Goal of the exercise -> The full listing, copied exactly and free of pictures, is the expected reply.

Dataset extract ->
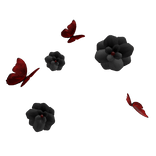 ♡Red & Black Butterfly Flower Back Aura♡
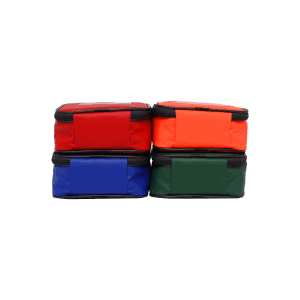 Pouch Set 15 Pouch Set – four medical pouches in orange, red, blue, and green designed for the Medic Grab Bag, offering organised and hygienic medical storage.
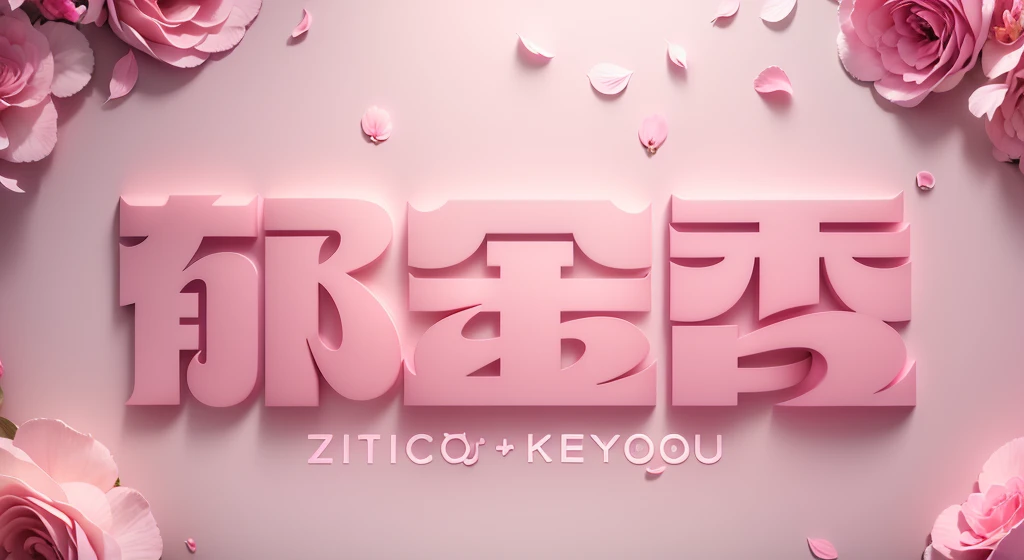 Text made of pink petals,Pink lettering,Petal-wrapped texture,pink back ground,There are scattered petals all around,ssee-through,depth of fields,Studio lighting,rich details,k hd,high high quality,HD,8K ultra-realistic, k hd, k hd, 8K ,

Answer space ->
 ♡Red & Black Butterfly Flower Back Aura♡
 Pouch Set 15 Pouch Set – four medical pouches in orange, red, blue, and green designed for the Medic Grab Bag, offering organised and hygienic medical storage.
 Text made of pink petals,Pink lettering,Petal-wrapped texture,pink back ground,There are scattered petals all around,ssee-through,depth of fields,Studio lighting,rich details,k hd,high high quality,HD,8K ultra-realistic, k hd, k hd, 8K ,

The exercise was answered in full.